What you’ll Do:
- Accelerate the ML Lifecycle: Design and scale MLOps infrastructure and agentic AI workflows to speed up end-to-end model development, validation, and CI/CD deployment pipelines.
- Bridge Engineering & Data Science: Collaborate with data scientists to optimize model architectures, enforce clean code standards, and transition experimental models into production-ready and scalable software.
- Drive Application Integration: Build robust APIs, microservices, and backend business logic required to seamlessly connect machine learning models with downstream applications and serve predictions efficiently.
- Build Data & Feature Pipelines: Construct and maintain scalable data pipelines and feature stores to ensure reliable, high-throughput data ingestion for both training and real-time inference.

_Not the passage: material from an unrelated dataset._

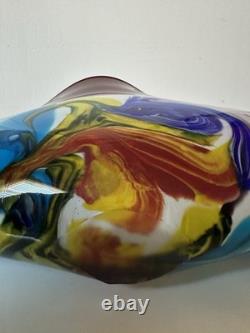 Abstract Multicolor Hand Blown Glossy Art Glass Vase Red Blue Yellow Green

- Own Production Health & Observability: Establish robust monitoring, anomaly detection, and incident response systems to track data quality, model drift, and A/B testing performance.
- Optimize System Performance: Troubleshoot production bottlenecks and optimize models for latency, throughput, and compute efficiency (e.g., GPU/CPU utilization and API cost management).
What you’ll Need:
- Experience in software engineering, machine learning engineering, data science, or a related field; 2+ years of professional experience required for Senior-level candidates.
- Demonstrate a solid understanding of core ML concepts and frameworks, including supervised/unsupervised learning, optimization, evaluation metrics, and hands-on experience with PyTorch, TensorFlow, or Scikit-Learn.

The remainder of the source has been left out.